No country should claim infallibility and each country should be prepared to re-examine its own attitudes for the
common good. The United States stressed that the peoples of Indochina should be allowed to determine their
destiny without outside intervention; its constant primary objective has been a negotiated solution; the eight-
point proposal put forward by the Republic of Vietnam and the United States on January 27, 1972 represents a
basis for the attainment of that objective; in the absence of a negotiated settlement the United States envisages
the ultimate withdrawal of all U.S. forces from the region consistent with the aim of self-determination for each
country of Indochina. The United States will maintain its close ties with and support for the Republic of Korea;
the United States will support efforts of the Republic of Korea to seek a relaxation of tension and increased
communication in the Korean peninsula. The United States places the highest value on its friendly relations with
Japan; it will continue to develop the existing close bonds. Consistent with the United Nations Security Council
Resolution of December 21, 1971, the United States favors the continuation of the ceasefire between India and
Pakistan and the withdrawal of all military forces to within their own territories and to their own sides of the
ceasefire line in Jammu and Kashmir; the United States supports the right of the peoples of South Asia to shape
their own future in peace, free of military threat, and without having the area become the subject of great power
rivalry.
The Chinese side stated: Wherever there is oppression, there is resistance.
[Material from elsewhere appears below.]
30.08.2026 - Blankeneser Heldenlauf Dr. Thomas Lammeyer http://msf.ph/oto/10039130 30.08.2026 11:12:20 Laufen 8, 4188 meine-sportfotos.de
Countries want independence,
nations want liberation and the people want revolution—this has become the irresistible trend of history. All
nations, big or small, should be equal; big nations should not bully the small and strong nations should not bully
the weak. China will never be a superpower and it opposes hegemony and power politics of any kind. The
Chinese side stated that it firmly supports the struggles of all the oppressed people and nations for freedom and
liberation and that the people of all countries have the right to choose their social systems according to their
own wishes and the right to safeguard the independence, sovereignty and territorial integrity of their own
countries and oppose foreign aggression, interference, control and subversion. All foreign troops should be
withdrawn to their own countries.
The Chinese side expressed its firm support to the peoples of Vietnam, Laos and Cambodia in their efforts
for the attainment of their goal and its firm support to the seven-point proposal of the Provisional Revolutionary
Government of the Republic of South Vietnam and the elaboration of February this year on the two key problems
in the proposal, and to the Joint Declaration of the Summit Conference of the Indochinese Peoples. It firmly
supports the eight-point program for the peaceful unification of Korea put forward by the Government of the
Democratic People’s Republic of Korea on April 12, 1971, and the stand for the abolition of the “U.N. Commission
for the Unification and Rehabilitation of Korea.” It firmly opposes the revival and outward expansion of Japanese
militarism and firmly supports the Japanese people’s desire to build an independent, democratic, peaceful and
neutral Japan. It firmly maintains that India and Pakistan should, in accordance with the United Nations
resolutions on the India-Pakistan question, immediately withdraw all their forces to their respective territories
and to their own sides of the ceasefire line in Jammu and Kashmir and firmly supports the Pakistan Government
and people in their struggle to preserve their independence and sovereignty and the people of Jammu and
Kashmir in their struggle for the right of self-determination.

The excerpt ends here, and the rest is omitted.